Não obstante, impelem-se a algo, propõem-se algo, caminham para algo mesmo que por algo a evitar algo.
Enredo: “mundo pós-apocalíptico, homem defende rapaz enquanto viajam lentamente até ao mar”.
O que pode ser um exercício reflexivo, exploratório e análogo às vidas de cada ideal par de olhos que o visualize, tem, absorto disso, uma história em que dois indivíduos em sinergia caminham para um objectivo em comum, lidando com os obstáculos do caminho, crescendo e fortalecendo-se e aos que lhes prestam auxílio, por forma a satisfazer o objectivo.
Há de tudo o que se pode extrair neste filme. A observação da condição humana face a uma adversidade transversal a todos, dentro das suas individualidades e como estas se relacionam em conflito, cooperação, persistência de individualidade e superação ou recuo, um thriller tenso de um homem e um rapaz contra um mundo fragmentado, até onde está um pai disposto a ir para proteger o seu filho e levá-lo a bom-porto.
Filmografia: minimalismo, abandono, desmazelo, tensão, opacidade, amplitude, slow-burn.

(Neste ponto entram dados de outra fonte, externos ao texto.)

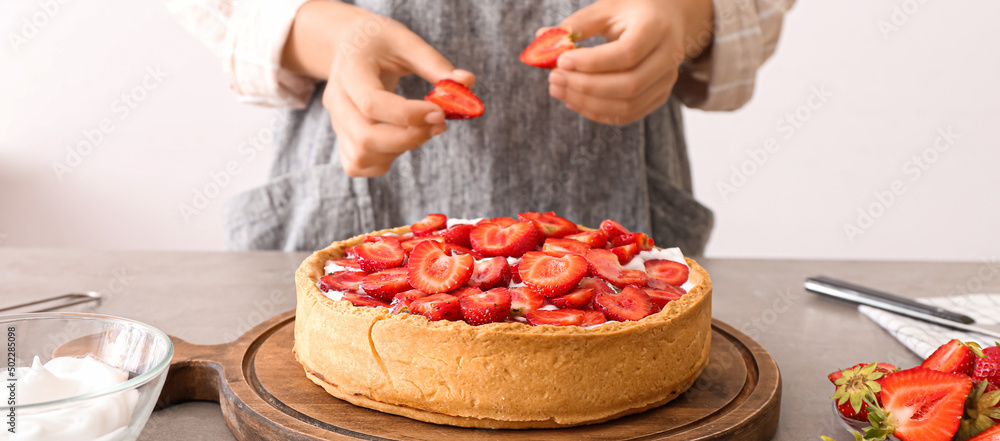 Woman decorating tasty pie with strawberry at table in kitchen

A desolação pode ser captada por diferentes formas. A optada aqui foi o minimalismo. Menos é mais. Há apelo aos sentidos quando se tenta captar e encapsular o nada. Um nada inorgânico, mas natural de displicência das infraestruturas. O tom sépia e castanho dominante por toda a paisagem e luminosidade que pautam os ambientes claros e escuros contribuem para uma ferrugem atmosférica que nos torna observadores de uma biosfera degenerada em que os organismos vivos se digladiam por adiar os seus fins.
Sonoplastia: ambiente, opacidade
Como captar sonoramente o nada é algo de tão elementar como de delicado, uma das formas mais utilizadas é casar silêncio com algum white-noise ou frequências baixas que dão fundo ao corpo sonoro e planos abertos ou sequências sem movimento.
The Road faz disto, mas não procura ser pesado de ponta a ponta e indiscriminadamente calado ou quieto. Há disso. Há elementos sonoros que adensam o coração do filme, há música para diferentes temperaturas e emoções.
The Last of Us é uma gota no oceano que costeia o destino de Homem e Rapaz. Mais respeito, por favor. Para todo o ícone, há um Pai.